Pei Sheng giró la cabeza hacia él.

—¿Olvidaste lo que hizo antes?

Zhou Shaoran reaccionó de golpe.

Gu Lin había robado secretos comerciales en el pasado.

Si aquello llegaba a hacerse público ahora que estaba ganando fama en internet, podrían destrozarlo por completo.

Mientras pensaba en ello, llegaron al bar.

Después de entregar el auto al encargado del estacionamiento, Pei Sheng entró.

El lugar estaba muy animado.

En cuanto Zheng Wei lo vio, comenzó a gritar como un cachorro emocionado:

—¡Pei-ge! ¡Aquí, aquí!

Pei Sheng pareció bloquear automáticamente todo aquel ruido.

Caminó tranquilamente hacia ellos, atrayendo numerosas miradas.

Además, aquella noche iba vestido completamente de negro.

Bajo la tenue iluminación, recibió con una mano la copa que Zheng Wei le ofrecía y se sentó en medio del grupo, con los párpados bajos y una expresión indiferente.

Incluso aquel perfil apenas visible bastó para hacer que el ambiente a su alrededor se encendiera todavía más.

—¿Y Gu Lin? ¡¿Por qué no lo trajiste a divertirse?! —preguntó Zheng Wei mientras saltaba de emoción a su lado.

—Está enfermo.

Pei Sheng bebió un sorbo.

—Con razón tampoco respondió mis mensajes.

Zheng Wei volvió a entusiasmarse.

—Pei-ge, te digo algo.

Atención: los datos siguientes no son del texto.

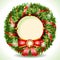 Wreath Christmas with Red Ribbon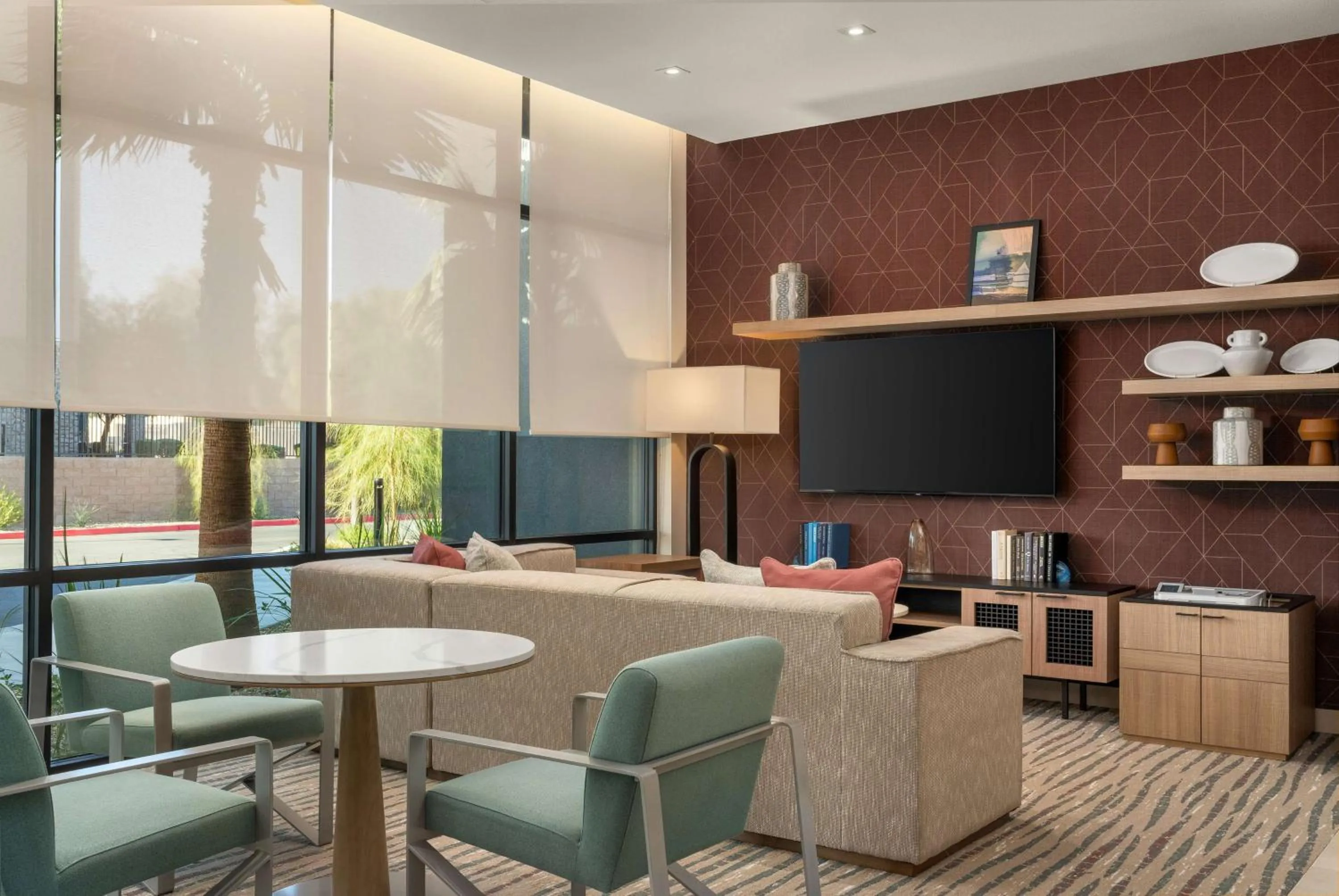 Lobby or reception in Homewood Suites By Hilton North Las Vegas Speedway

La dueña de este lugar es amiga mía. ¡Baila increíblemente bien!

En ese momento, la música cambió a un ritmo marcado y poderoso.

Todas las miradas se dirigieron hacia una mujer de atuendo atrevido que apareció en la pista.

Zheng Wei gritó más fuerte que nadie:

—¡Jefe, esa es mi amiga!

Pei Sheng no tenía la menor intención de prestarle atención.

Ni siquiera pareció afectado por el espectáculo.

Estaba mirando un mensaje que Gu Lin acababa de enviarle.

Era un video de Laduo comiendo obedientemente su alimento.

Al final apareció la cabeza de Gu Lin en la imagen.

Sonreía con los ojos curvados y sus pupilas brillaban bajo sus largas pestañas.

Sus labios se movían, aparentemente diciendo algo.

Pero el ruido dentro del bar era demasiado fuerte.

Los gritos y vítores se sucedían sin parar y resultaba imposible escucharlo.

Pei Sheng se levantó con intención de ir al baño para reproducir el video allí.

Sin embargo, al instante siguiente llegó una ráfaga de perfume.

La mano de una mujer estaba a punto de apoyarse sobre su pecho.

Todo el bar estalló en gritos.

Hasta Zheng Wei soltó varios «¡mierda!» desde un lado.

Pei Sheng utilizó directamente el teléfono para bloquear la mano de la mujer.

—Tengo pareja —dijo con frialdad.

—¿Esa es tu manera de rechazar a alguien?

La mujer lo observó fijamente con unos seductores ojos de zorro.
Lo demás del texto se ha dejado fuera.